About this exercise. In the listing below, a line holding "Edialux Quicksnap Mechanische" and a line holding "Farnberg Stoffservietten Musselin, Boho" mark the range. Retype both exactly, with all lines between them.

Data excerpts.
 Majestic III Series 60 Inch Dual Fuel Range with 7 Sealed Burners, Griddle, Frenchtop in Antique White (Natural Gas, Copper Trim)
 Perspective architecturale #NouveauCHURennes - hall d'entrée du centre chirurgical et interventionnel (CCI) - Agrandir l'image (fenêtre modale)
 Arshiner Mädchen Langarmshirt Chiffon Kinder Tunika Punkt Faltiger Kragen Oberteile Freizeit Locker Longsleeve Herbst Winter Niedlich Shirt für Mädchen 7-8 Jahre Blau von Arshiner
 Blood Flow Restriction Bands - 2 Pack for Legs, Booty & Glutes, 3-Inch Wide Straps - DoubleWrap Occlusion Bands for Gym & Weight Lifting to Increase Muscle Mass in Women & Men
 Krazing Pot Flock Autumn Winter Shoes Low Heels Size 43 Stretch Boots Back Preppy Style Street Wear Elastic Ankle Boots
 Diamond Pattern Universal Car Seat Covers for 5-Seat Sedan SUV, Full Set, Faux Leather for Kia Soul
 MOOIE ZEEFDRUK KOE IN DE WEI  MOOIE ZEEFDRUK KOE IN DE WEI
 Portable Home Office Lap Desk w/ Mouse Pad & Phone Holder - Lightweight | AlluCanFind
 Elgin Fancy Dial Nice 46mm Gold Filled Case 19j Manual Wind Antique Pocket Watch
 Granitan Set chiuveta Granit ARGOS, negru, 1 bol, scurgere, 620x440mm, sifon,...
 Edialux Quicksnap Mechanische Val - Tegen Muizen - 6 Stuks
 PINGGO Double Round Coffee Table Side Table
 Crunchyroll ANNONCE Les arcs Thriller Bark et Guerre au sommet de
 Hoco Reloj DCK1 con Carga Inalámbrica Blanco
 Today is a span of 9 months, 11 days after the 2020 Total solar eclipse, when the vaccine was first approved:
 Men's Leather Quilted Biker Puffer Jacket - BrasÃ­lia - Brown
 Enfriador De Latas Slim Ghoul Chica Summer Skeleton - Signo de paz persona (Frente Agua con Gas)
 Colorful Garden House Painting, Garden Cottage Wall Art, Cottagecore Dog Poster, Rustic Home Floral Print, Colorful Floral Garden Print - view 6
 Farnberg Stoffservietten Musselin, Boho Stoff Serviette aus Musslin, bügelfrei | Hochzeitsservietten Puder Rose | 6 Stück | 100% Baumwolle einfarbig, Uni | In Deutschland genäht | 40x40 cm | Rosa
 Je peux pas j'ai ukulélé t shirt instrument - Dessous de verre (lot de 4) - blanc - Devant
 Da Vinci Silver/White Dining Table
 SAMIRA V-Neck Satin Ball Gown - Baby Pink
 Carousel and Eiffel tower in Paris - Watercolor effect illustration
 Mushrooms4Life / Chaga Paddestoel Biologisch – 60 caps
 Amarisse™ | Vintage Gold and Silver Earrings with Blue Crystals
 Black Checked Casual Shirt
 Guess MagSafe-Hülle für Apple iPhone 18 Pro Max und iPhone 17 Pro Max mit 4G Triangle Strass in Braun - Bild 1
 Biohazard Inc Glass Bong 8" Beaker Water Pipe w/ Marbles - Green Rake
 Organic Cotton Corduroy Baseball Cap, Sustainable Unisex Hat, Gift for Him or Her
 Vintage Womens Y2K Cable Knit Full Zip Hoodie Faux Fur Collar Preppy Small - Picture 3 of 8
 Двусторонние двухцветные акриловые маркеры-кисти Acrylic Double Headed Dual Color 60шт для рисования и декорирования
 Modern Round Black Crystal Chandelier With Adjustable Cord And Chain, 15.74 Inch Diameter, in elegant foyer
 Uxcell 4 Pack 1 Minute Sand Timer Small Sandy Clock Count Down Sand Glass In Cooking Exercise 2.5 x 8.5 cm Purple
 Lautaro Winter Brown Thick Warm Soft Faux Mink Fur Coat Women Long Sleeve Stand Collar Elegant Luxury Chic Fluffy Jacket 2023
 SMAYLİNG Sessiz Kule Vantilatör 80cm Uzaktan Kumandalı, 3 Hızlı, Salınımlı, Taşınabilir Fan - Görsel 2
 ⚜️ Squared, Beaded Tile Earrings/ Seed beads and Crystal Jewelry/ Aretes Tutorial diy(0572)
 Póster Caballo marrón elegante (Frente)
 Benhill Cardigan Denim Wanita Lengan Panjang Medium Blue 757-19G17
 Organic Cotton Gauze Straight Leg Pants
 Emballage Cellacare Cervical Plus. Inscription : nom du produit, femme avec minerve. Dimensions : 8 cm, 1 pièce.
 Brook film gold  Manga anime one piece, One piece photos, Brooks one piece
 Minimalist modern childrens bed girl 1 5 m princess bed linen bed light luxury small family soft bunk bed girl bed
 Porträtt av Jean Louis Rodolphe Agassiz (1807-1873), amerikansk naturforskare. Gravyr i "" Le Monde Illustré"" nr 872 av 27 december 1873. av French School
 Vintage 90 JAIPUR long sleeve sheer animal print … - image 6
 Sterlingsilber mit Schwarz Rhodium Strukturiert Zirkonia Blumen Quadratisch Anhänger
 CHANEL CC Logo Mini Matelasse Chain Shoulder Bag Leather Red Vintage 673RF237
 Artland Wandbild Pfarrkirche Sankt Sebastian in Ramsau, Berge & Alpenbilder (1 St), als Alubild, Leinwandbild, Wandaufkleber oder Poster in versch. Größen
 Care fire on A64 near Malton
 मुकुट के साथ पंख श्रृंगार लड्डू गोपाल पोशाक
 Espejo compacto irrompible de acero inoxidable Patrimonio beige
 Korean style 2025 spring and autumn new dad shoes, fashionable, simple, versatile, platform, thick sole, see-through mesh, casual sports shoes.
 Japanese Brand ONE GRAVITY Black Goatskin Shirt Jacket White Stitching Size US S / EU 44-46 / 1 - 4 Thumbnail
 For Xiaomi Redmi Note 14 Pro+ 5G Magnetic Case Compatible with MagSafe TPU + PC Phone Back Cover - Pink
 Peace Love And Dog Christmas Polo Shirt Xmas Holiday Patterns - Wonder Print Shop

Response below.
 Edialux Quicksnap Mechanische Val - Tegen Muizen - 6 Stuks
 PINGGO Double Round Coffee Table Side Table
 Crunchyroll ANNONCE Les arcs Thriller Bark et Guerre au sommet de
 Hoco Reloj DCK1 con Carga Inalámbrica Blanco
 Today is a span of 9 months, 11 days after the 2020 Total solar eclipse, when the vaccine was first approved:
 Men's Leather Quilted Biker Puffer Jacket - BrasÃ­lia - Brown
 Enfriador De Latas Slim Ghoul Chica Summer Skeleton - Signo de paz persona (Frente Agua con Gas)
 Colorful Garden House Painting, Garden Cottage Wall Art, Cottagecore Dog Poster, Rustic Home Floral Print, Colorful Floral Garden Print - view 6
 Farnberg Stoffservietten Musselin, Boho Stoff Serviette aus Musslin, bügelfrei | Hochzeitsservietten Puder Rose | 6 Stück | 100% Baumwolle einfarbig, Uni | In Deutschland genäht | 40x40 cm | Rosa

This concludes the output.